What I have kept reminding myself is that hey, there are some advantages to being slightly over life's first real "hill":
1. We know who we are and we know that who we are is exactly who we want to be. Always. If you don't like it go screw. I couldn't always say that.
2. How we look in a bathing suit is so much less important. Case in point "You look really good for having 2 kids". What the hell. I know that means "you're' a little flabby but you're a mom so no one's really looking & besides you're not in your twenties anymore so what do you expect?" Why the hell did I used to think that everyone was always looking at me and rating me? They weren't.
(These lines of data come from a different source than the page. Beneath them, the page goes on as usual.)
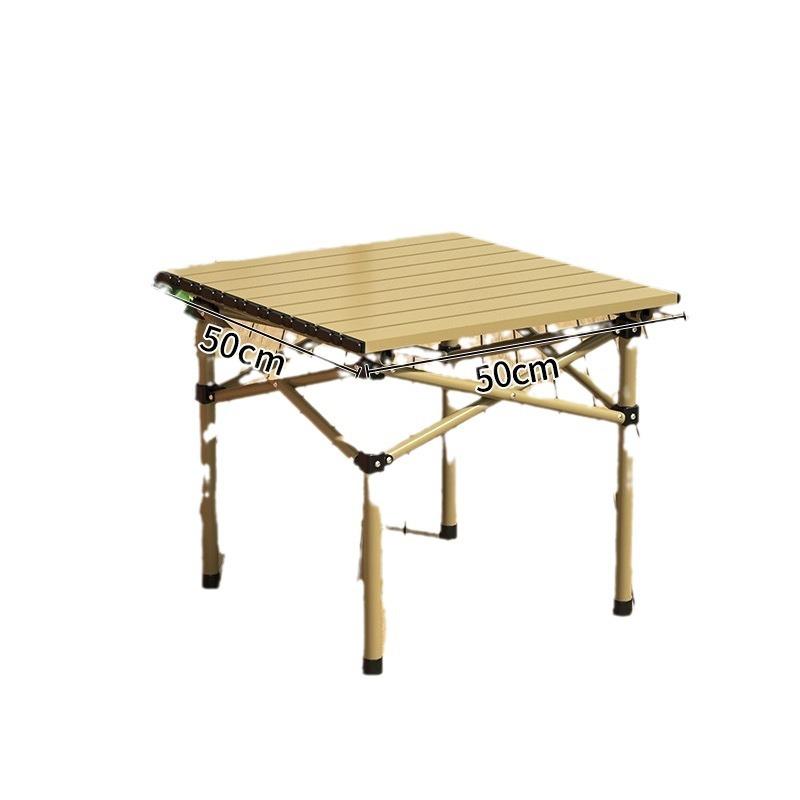 折叠桌旅游野炊方形户外桌椅套装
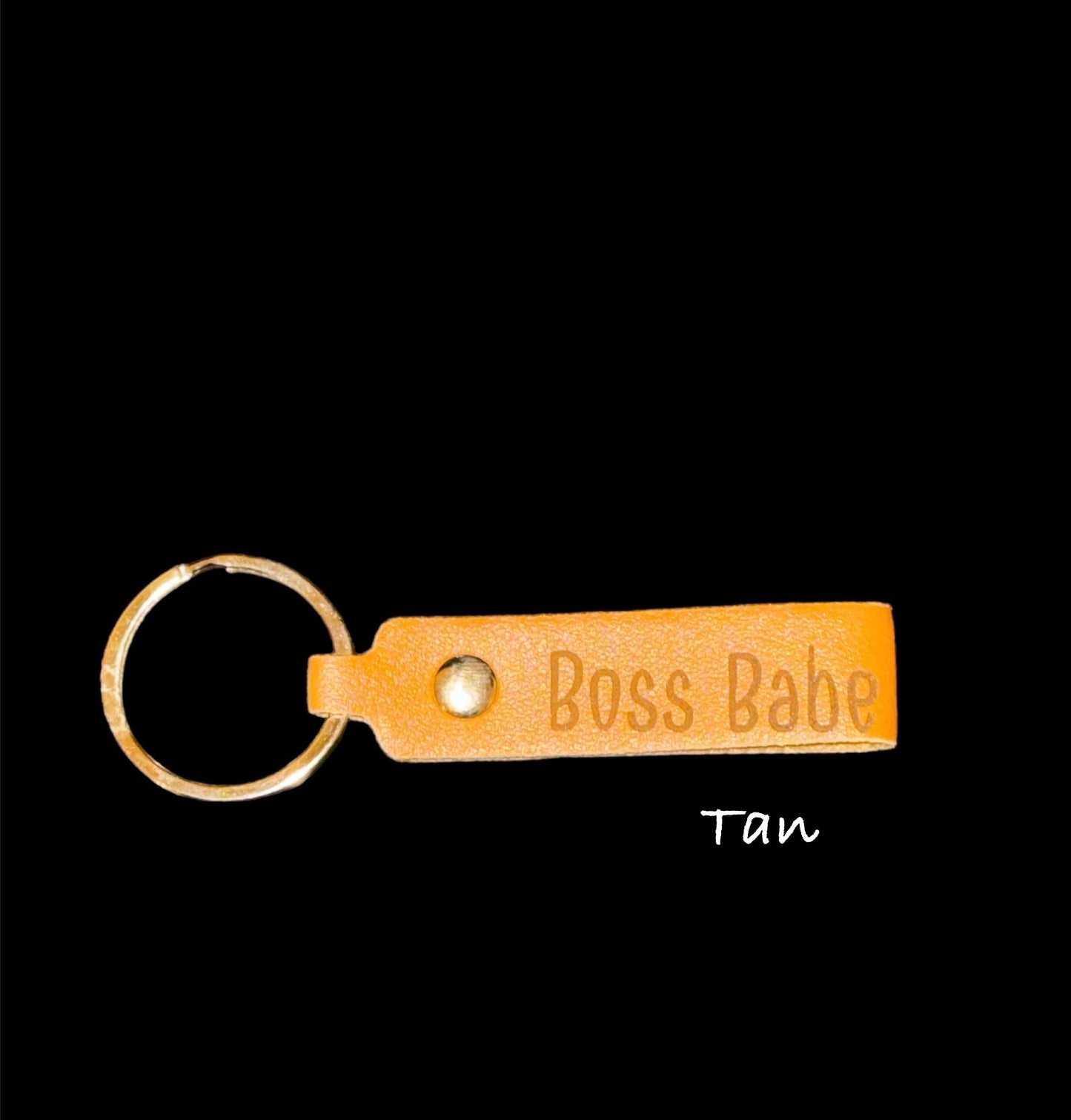 Boss Babe Keychain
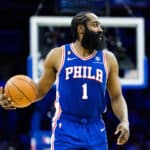 NBA: James Harden surge em jogo dos 76ers em meio &agrave; novela por troca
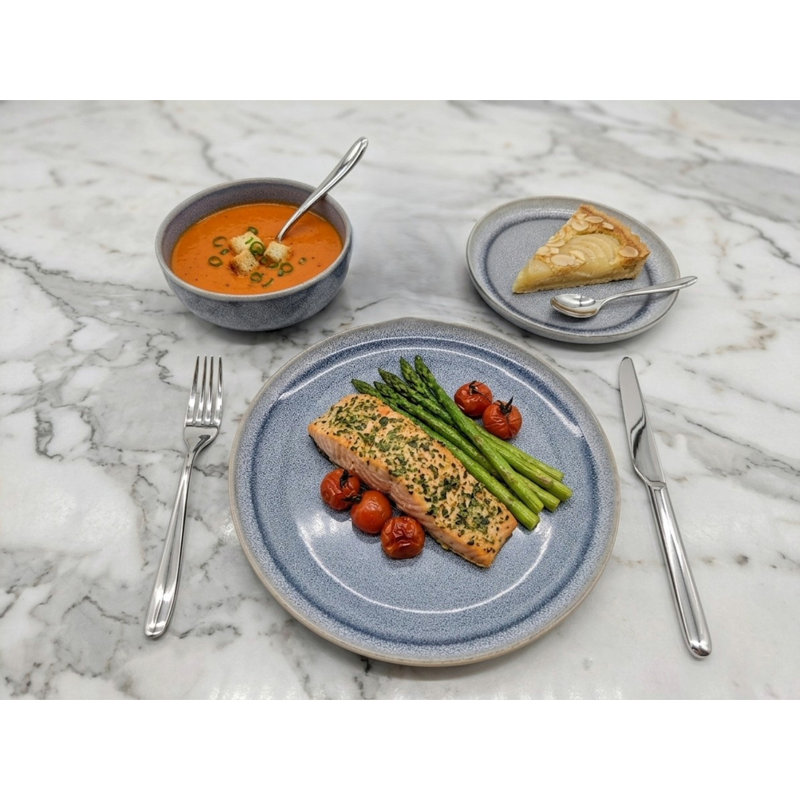 Stoneware Dinnerware - Service for 6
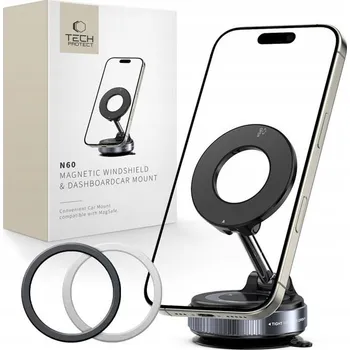 Držák na palubní desku Tech-protect černý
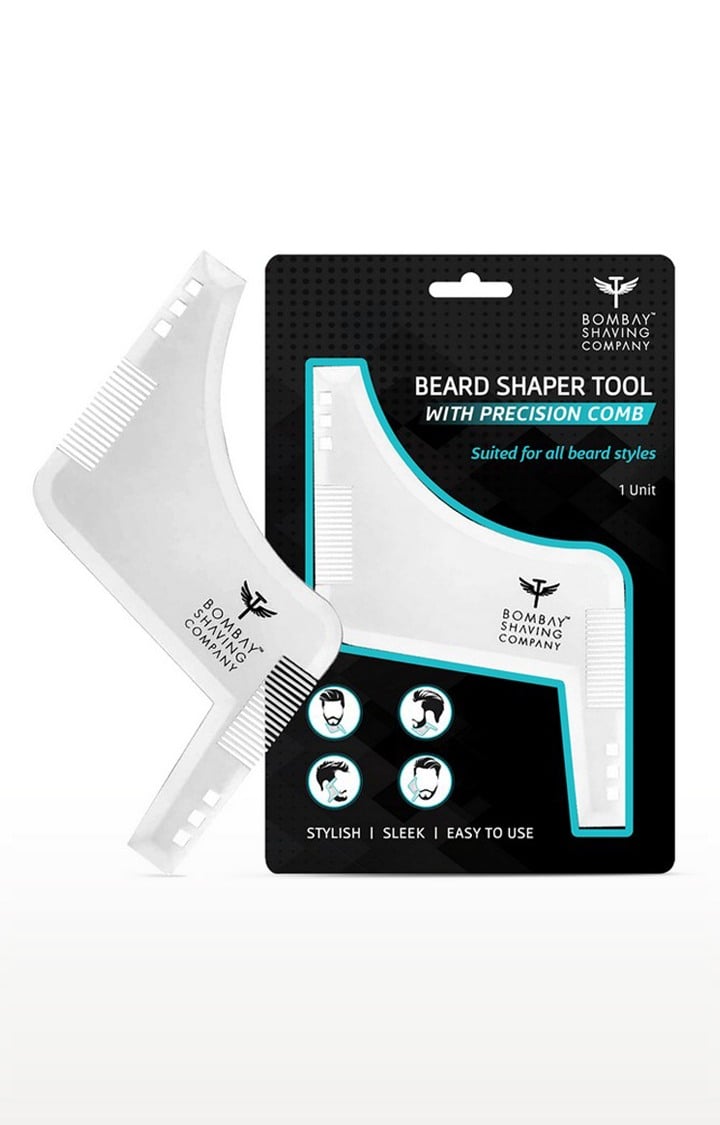 Bombay Shaving Company Beard Shaper Tool With Comb For Men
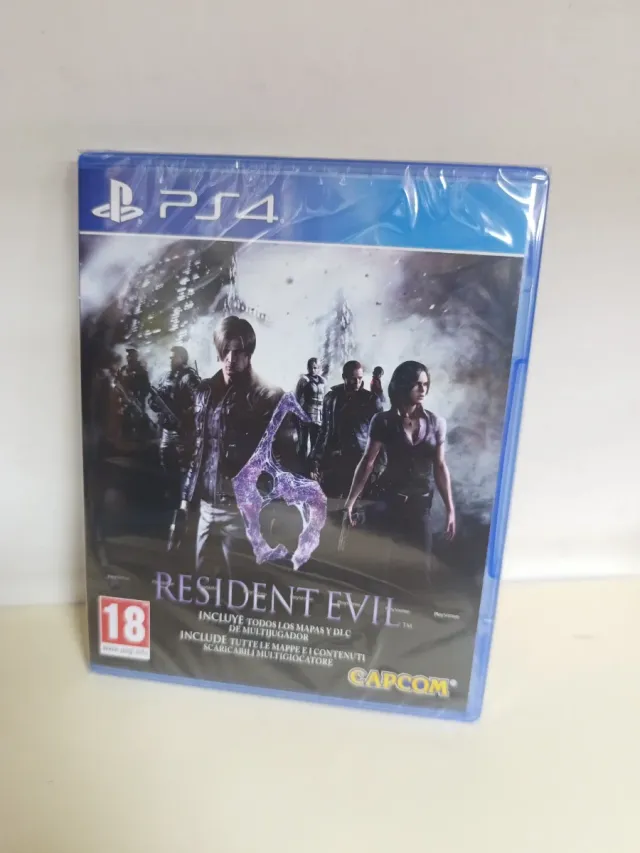 Resident Evil 6 NUEVO PRECINTADO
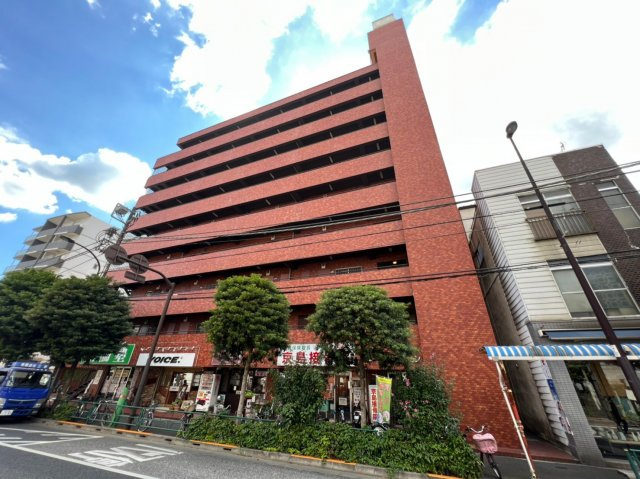 ニュー三浦マンションの外観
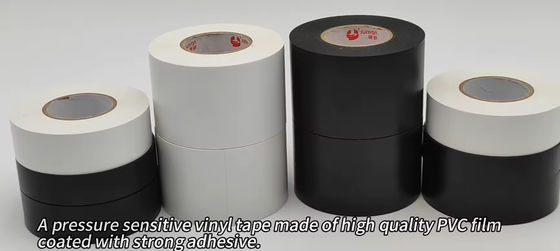 Waterproof White Duct Tape , Weather Resistant Duct Tape Flexible
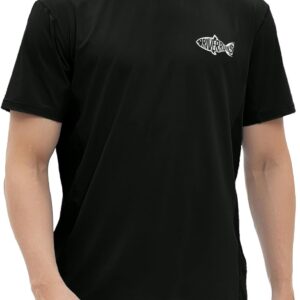 Riverruns UPF 50+ Fishing Shirt for Men, Light Weight Breathable Sun Protection Fishing Shirt for Outdoor Activity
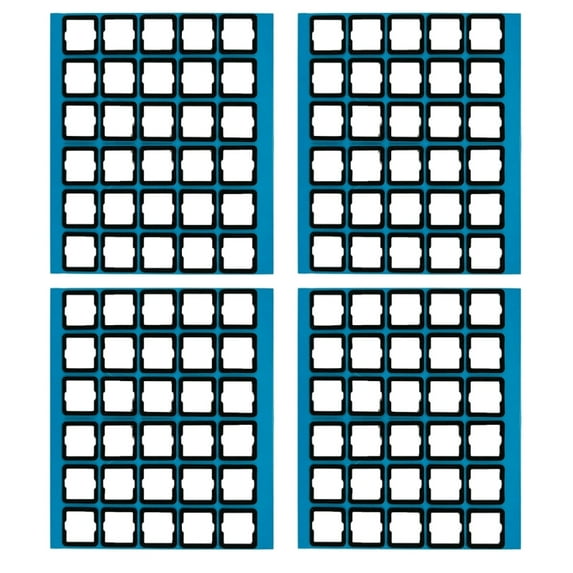 PCB Switch Pad Stickers Foam EVA PE PORON Material for Mechanical Keyboard Gasket Improve Sound Quality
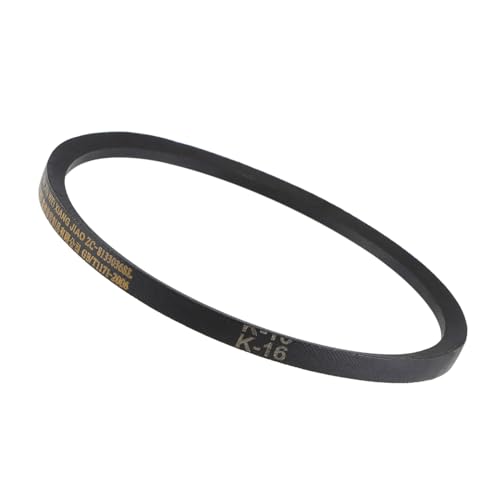 K-16 Power Drive V-Belt - [16 Inch Pitch Girth] Fan Rubber Wrapped Industrial Belt for Transmission Use, 8mm Width, 6mm Height
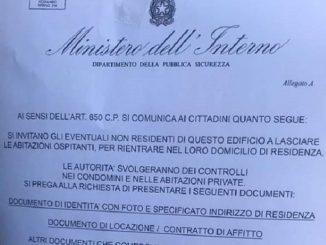 La preoccupazione dell’Unità di Crisi per un falso volantino del Ministero dell’Interno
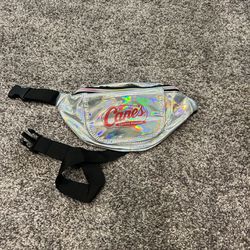 Canes Iridescent Fanny Pack New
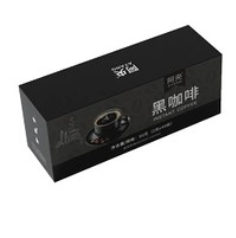 9.9元包邮！阿央 纯黑咖啡 新版 40袋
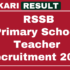 RPSC School Lecturer Recruitment 2025 Online 3225 Post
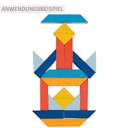 Vorschaubild Legespiel – 4 Stück im Set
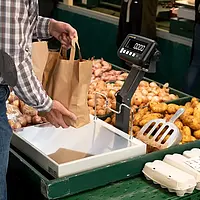 Balance industrielle | Exemple d'utilisation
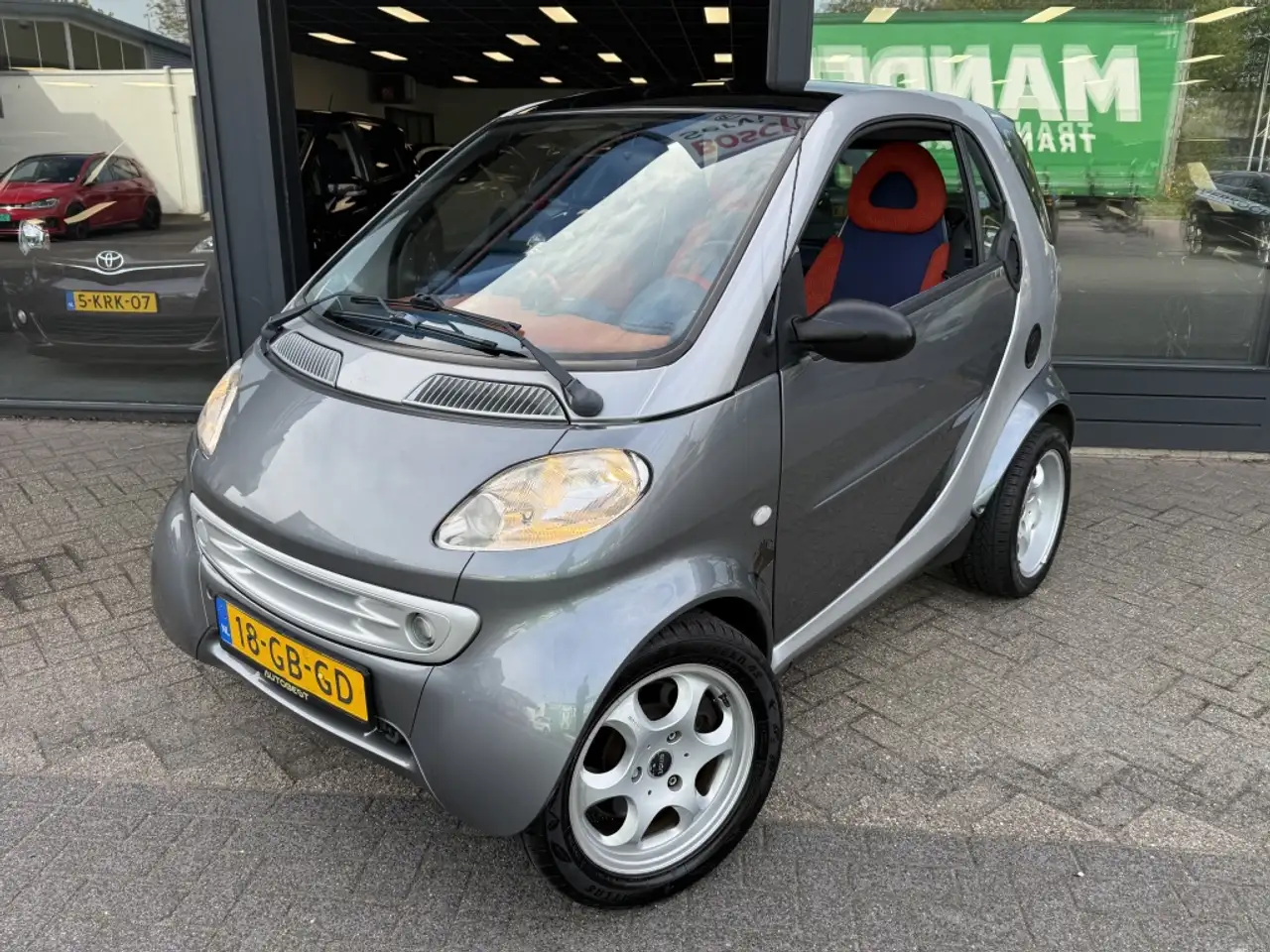 Micro compact car sm SMART Onbekend — photo 1 of 15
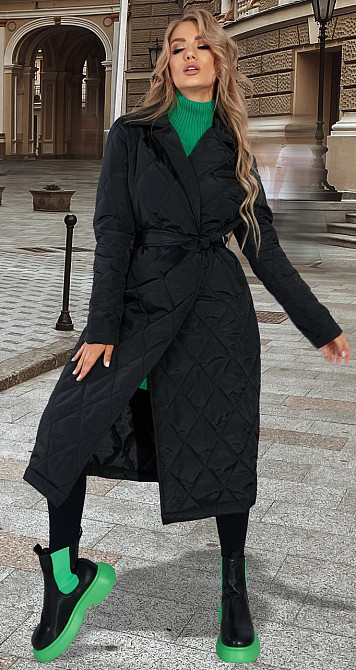 Модне пальто з плащової тканини (52) Київ - фото 4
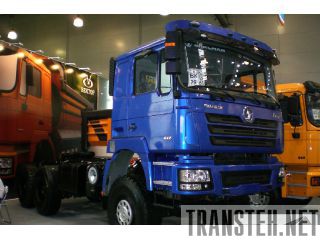  SHAANXI 6x6  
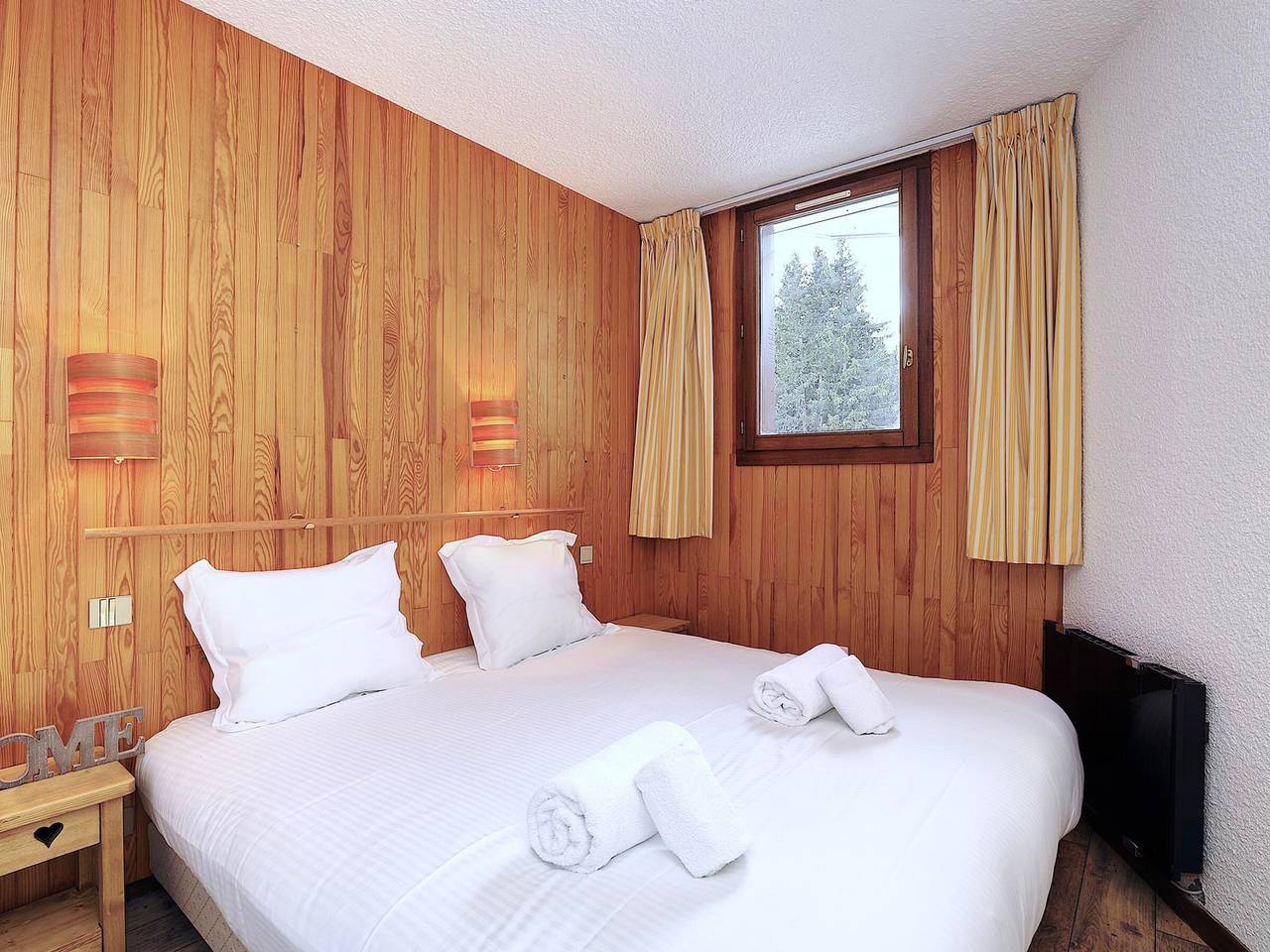 Geheel appartement, Courchevel 1850, Ski-in/Ski-out, 4 pers, 2 rooms, Parking, Wifi in Courchevel 1850, Saint-Bon-Tarentaise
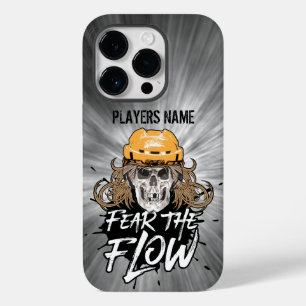 Fear The Flow (hockey hair) Case-Mate iPhone Case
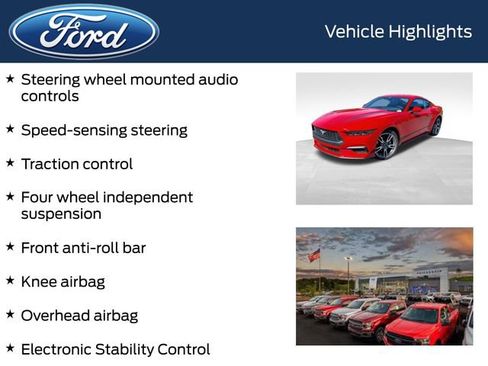 New 2025 Ford Mustang Premium image 8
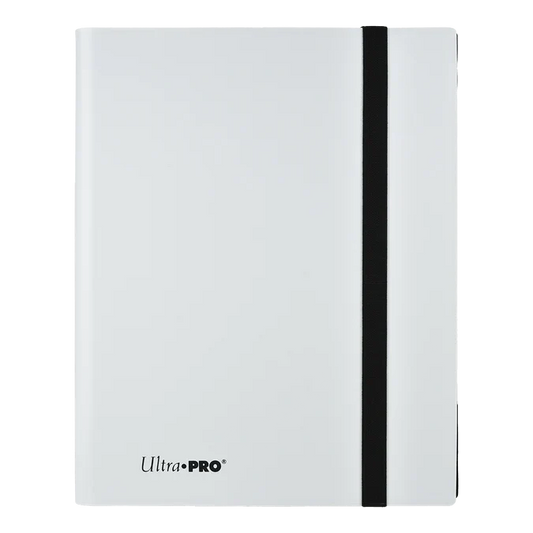 Eclipse 9-Pocket PRO-Binder (Arctic White)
If I'd have known that I wouldn't have worried about sucking in my gut all the time and I would have relaxed at the beach since those days are over now.
3. Our husbands are also over the hill, & so are our friends. I couldn't be friends with a person in thier 20's...another case in point: my sisters. Love 'em but jeez,, the drama of the egocentric years of 24-26!
4. This is it. This is the time that we will look back on as the time that we met with success. We run the house, take care of kids and babies, make sure everyone has everything that they could possibly need and want, settle every conflict, remember to pack every important item, feed our families healthy dinners, feed the dogs, occasionally vaccuum, bring in firewood, pay the bills, wake up to find the missing blankie or stuffed giraffey at 2 a.m., 3 a.m., & 5 a.m., know how to hold everyone just right, and sometimes, just sometimes, have a moment to breathe. AND we do it all while looking pretty damned good.
5. I think if I had to pick I would freeze us right now. I just might stay 31 forever. At 29 I was pretty pregnant for the 1st time and not so sure what was up with so many things. This is soooo much better.
So, I guess what I am saying is that you can be sure that with every bit of blah-ness that goes along with the realization that after 30 it is theoretically all downhill from here there is the silver lining- downhill is the easy part. Maybe we will be able to relax and enjoy our lives and the people we love now that we are done setting everything up.
By the way, good job on the trip to Jersey. I for one know the anxiety that goes along with that. There are no mall parking lots or rest areas that I have not stopped at to breast feed a baby, let someone sprinkle the parking lot, or clean up puke. All to visit family. Gotta love it. I love that you get it too.